Avoiding The Mess In The Hadoop Cluster (Part 2)
In the first part of this blog series I described a few challenges that I had to face to quickly implement a simple Hive query and schedule it periodically on the Hadoop cluster. These challenges include data cataloguing, data discovery, data lineage and process scheduling. I also explained how they can be addressed using existing open-source projects such as Falcon, HCatalog and Hive.
In the second part I will explain how to smoothly change the file format of your datasets, highlight more advanced features of Falcon such as data backups, disaster recovery, late data handling and list possible future enhancements that I think could be useful.

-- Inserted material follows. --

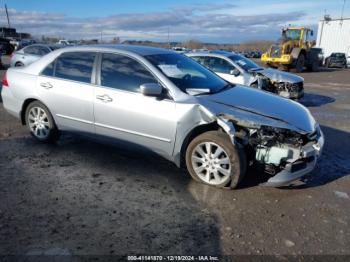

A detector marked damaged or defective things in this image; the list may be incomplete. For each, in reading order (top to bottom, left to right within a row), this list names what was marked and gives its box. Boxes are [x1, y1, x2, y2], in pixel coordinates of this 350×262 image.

damaged silver sedan [0, 45, 322, 188]
damaged silver sedan [187, 50, 304, 99]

Once my query was implemented and scheduled daily, I was only half-way done. The remaining part of the task was to reduce the execution time of this query from 6 hours to 10 minutes. To achieve this goal I removed stop-the-world garbage collection pauses, configured the query to run map-side joins, switched the execution engine from MapReduce to Tez, changed the file format from Avro to ORC. You can find more details and benchmarks in the slides from my talk at Hadoop Summit San Jose 2015.

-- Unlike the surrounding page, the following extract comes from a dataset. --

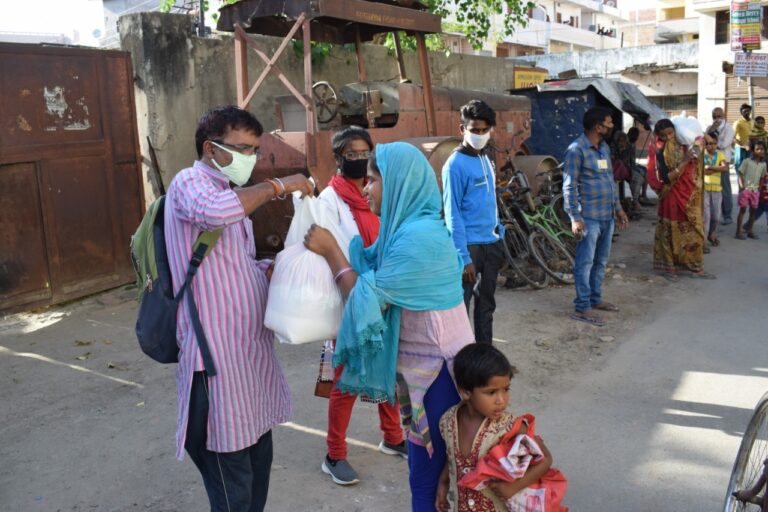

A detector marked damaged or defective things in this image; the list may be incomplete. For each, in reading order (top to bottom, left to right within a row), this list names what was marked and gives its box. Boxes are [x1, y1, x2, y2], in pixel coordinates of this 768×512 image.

rusty metal gate [0, 44, 143, 312]
rusty metal machine [213, 0, 532, 254]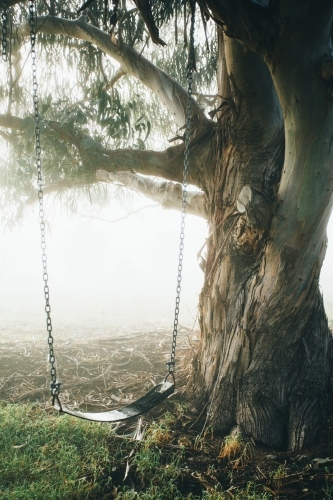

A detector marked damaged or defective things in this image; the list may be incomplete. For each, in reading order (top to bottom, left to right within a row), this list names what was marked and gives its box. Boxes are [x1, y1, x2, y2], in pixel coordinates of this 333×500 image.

Thanks to above optimisations my query became much faster. Finally I could open the beer, execute the Hive query and receive the results before the bottle gets empty. And this was actually what I did. I also started to think how my company and colleagues could benefit from my learnings. One obvious, but important learning was that significant performance boost can be easily gained by changing the file format from the row-oriented (Avro) to the columnar (ORC in this particular case, but Parquet is also great).
Switching file formats
Why not to change the file format to the column oriented one, so that data gets processed faster and less disk space in HDFS is consumed? Well, the most important reason against this idea is that many business-critical applications will immediately fail. Please look at your production code and check how often you expect data to come in some pre-defined format. If you read data using format-specific readers (e.g. AvroStorage in Pig or sc.textFile in Spark), this code will obviously stop working after you switch file format. Having this in mind, you can either:
- don’t upgrade to a new format (and supposedly process your data longer, read more data from disks and transfer more data over the network), or
- start working hard to refactor the reader code in your applications to read data properly in newer format
As you see both options are not too compelling…. The good news is that there is a way to make it never happen again. This is possible with HCatalog.

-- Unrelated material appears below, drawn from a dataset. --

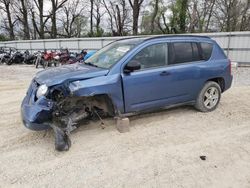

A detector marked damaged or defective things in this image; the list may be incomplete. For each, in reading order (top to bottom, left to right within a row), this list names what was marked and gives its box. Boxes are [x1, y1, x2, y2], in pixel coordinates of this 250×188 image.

crumpled hood [34, 63, 109, 86]
detached front bumper [20, 81, 53, 131]
damaged front end [20, 79, 114, 151]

HCatalog provides a set of libraries for other frameworks that make it possible to read data from Hive tables. If you create Hive tables for your production datasets then you can use HCatalog to access them providing name of the corresponding Hive table.
With HCatalog you don’t specify the format or location of you datasets – just the name of the Hive table that you want to read data from or write data to. This has a powerful advantage – if the format and/or location of the files change, you don’t have to refactor reader code, thus you can easily switch from one file format to another without the risk of breaking the production applications. “Refactor data, not just code” as my colleague, David Whiting, recommends in his great talk about scaling for developer productivity.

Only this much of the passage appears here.